BOCCHI, Achille. Symbolicarum quaestionum, de universo genere quas serio ludebat, libri quinque
Bologna, apud Societatem Typographiae Bononiensis., 1574Quarto (205 x 142 mm.), [24] leaves, CCCLVIII pages, xylographic printer’s device on title-page, with an allegorical personification of the city of Bologna and 151 engraved emblems by Giulio Bonasone, after drawings by Prospero Fontana and Parmigianino, retouched for this second edition by Agostino Carracci. A few spots, marginal foxing, upper portion of title page cut away (1 cm.), overall a fine copy in contemporary limp vellum.
Second edition of Achille Bocchi’s famous Symbolicarum quaestionum (first published in 1555), one of the most fascinating and renowned emblem books of the Italian Renaissance.
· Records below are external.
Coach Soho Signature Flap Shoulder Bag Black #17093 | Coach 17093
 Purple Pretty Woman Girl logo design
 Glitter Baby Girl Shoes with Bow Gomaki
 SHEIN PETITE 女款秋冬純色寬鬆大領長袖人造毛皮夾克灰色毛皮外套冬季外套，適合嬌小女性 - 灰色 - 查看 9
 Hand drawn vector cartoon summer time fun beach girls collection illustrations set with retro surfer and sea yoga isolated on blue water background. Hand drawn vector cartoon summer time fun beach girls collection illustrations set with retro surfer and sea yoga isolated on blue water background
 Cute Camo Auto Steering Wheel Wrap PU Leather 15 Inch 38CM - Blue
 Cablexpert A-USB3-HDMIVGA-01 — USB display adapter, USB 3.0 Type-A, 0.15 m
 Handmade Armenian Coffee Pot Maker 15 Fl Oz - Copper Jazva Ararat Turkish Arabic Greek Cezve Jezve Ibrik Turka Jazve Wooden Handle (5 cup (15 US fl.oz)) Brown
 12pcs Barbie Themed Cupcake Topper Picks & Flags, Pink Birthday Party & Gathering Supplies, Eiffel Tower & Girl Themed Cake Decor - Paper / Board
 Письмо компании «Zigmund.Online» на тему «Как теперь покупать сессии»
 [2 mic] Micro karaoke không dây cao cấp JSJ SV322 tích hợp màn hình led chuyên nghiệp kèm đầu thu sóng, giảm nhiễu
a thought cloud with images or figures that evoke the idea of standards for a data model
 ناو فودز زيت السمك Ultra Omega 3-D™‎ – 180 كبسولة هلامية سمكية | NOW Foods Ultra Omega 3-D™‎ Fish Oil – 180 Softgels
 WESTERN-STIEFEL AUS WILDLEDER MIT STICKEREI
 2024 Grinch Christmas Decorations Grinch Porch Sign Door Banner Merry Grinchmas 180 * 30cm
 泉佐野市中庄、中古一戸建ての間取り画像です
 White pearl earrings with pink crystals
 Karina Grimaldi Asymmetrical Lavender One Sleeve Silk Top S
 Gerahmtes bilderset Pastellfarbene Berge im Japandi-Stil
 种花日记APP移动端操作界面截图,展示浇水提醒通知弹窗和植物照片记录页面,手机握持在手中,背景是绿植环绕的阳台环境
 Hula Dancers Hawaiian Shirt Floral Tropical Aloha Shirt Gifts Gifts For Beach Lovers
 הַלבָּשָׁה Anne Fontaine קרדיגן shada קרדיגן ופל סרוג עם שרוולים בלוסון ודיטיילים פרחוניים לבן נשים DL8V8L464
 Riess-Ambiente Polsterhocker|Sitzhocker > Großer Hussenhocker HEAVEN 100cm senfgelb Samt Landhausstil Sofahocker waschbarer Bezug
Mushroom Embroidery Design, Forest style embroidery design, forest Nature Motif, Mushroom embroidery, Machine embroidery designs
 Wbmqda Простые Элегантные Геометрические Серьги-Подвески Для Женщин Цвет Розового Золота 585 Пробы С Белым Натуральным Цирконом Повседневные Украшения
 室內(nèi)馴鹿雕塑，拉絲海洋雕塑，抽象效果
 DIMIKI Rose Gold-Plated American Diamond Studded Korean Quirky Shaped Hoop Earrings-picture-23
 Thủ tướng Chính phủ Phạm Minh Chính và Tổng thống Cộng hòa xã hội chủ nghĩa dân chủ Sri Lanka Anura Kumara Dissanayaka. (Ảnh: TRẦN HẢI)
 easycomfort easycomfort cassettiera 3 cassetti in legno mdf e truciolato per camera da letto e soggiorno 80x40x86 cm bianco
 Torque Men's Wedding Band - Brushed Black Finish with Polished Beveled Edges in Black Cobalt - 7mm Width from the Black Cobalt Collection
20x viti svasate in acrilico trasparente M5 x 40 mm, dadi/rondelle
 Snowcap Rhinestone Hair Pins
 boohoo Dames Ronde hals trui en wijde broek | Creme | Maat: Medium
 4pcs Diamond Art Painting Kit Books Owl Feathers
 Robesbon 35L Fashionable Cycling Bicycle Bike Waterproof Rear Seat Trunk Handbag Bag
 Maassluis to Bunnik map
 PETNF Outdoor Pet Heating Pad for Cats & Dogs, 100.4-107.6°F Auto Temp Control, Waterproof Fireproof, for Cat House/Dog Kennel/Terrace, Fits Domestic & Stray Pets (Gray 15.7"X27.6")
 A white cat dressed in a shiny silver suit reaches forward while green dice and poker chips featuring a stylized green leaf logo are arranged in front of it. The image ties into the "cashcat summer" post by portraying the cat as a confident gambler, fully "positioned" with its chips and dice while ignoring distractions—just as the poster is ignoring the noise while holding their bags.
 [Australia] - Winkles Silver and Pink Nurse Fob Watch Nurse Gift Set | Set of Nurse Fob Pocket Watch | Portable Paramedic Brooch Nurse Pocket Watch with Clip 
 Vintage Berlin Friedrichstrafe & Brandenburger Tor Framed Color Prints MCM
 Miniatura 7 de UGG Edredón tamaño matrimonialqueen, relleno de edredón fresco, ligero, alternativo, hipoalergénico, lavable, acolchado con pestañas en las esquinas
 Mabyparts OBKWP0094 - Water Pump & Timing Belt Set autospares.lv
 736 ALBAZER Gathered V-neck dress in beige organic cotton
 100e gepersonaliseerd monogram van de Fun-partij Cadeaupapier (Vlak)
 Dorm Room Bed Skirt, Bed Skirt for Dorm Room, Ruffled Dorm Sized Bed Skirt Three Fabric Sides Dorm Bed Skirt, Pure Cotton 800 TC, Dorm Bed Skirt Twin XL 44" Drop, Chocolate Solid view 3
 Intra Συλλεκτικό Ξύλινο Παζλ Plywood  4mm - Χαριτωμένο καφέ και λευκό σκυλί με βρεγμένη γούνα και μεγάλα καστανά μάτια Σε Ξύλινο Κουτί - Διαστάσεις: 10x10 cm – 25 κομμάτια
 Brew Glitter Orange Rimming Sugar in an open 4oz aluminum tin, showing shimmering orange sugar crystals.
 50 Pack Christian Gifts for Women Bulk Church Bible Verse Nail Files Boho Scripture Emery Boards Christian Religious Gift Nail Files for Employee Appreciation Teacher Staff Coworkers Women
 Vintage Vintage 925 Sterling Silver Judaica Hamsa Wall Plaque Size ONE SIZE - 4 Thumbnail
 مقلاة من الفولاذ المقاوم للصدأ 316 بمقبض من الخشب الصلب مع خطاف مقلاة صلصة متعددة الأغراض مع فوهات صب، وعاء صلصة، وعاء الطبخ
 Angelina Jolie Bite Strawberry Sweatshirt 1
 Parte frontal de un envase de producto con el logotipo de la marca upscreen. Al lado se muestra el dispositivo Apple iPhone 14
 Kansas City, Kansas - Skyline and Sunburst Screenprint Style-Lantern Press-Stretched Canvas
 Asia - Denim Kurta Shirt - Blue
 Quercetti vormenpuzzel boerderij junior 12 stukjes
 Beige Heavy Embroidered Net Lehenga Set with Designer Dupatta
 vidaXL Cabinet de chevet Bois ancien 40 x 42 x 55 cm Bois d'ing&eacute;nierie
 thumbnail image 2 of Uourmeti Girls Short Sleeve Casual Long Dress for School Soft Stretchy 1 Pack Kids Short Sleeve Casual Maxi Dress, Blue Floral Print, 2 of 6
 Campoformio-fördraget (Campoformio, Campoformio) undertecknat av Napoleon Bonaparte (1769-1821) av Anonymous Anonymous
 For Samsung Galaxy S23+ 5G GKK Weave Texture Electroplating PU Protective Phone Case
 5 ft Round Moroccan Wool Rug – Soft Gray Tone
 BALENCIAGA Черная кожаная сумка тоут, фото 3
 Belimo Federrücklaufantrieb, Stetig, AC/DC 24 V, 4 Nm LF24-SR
Achille Bocchi (1488-1562) was a Bolognese humanist, active as a lecturer, professor and historian at the Bologna university, and a high standing personality in the cultural milieu of this city. He also founded an eponymous Academy, the Accademia Bocchiana, which included among its members professors of the Studium, philosophers and humanists, and animated the city’s culture for nearly a decade, between 1546 and 1556. The Academy had its own print and Bocchi’s emblem book was probably the first work published within it; also the second posthumous edition holds its own typographic record, as it stands as the first publication of the Bolognese Typographic Society, founded in 1572. The Symbolicarum quaestionum libri are composed by 151 symbols, each of whom consists of a title, a dedication, a Latin or Greek epigram, and an allegorical illustration on copperplate. In this way, with regard to its general conception and structure, the work owes a great debt to Andrea Alciato’s celebrated Emblemata. Prospero Fontana, to whom the great majority of the illustrations is to be ascribed, was a Bolognese mannerist painter, and was considered one of the best portrait interpreters of his time. He was active in Genoa, Rome, and Bologna, where he opened the important painting school that the Carracci cousins attended in their youth. A great amount of the iconographic motifs represented in the book bear the mark of the Oriental symbolism, which was mostly mediated by Filippo Fasanini’s translation of Horapollo’s Hieroglyphica and by Pierio Valeriano’s Hieroglyphica. Moreover, one can count many mystical and biblical motifs, as well as motifs derived from Petrarch or Alexandrine erotic poetry. Bocchi’s work exerted a strong influence on later emblem writers, literary works, and artists. Many of Bocchi’s symbols were especially reproduced and imitated in emblem books of the 17th century, like those by Otto van Veen and John Marston.
Adams B-2194; Brunet I, 1021; Heckscher - Sherman, Emblem Books, 107; Landwehr, Romanic, 162; Mortimer, Italian, 76; Praz, 276. A. Rotondò, in DBI 11 (1969).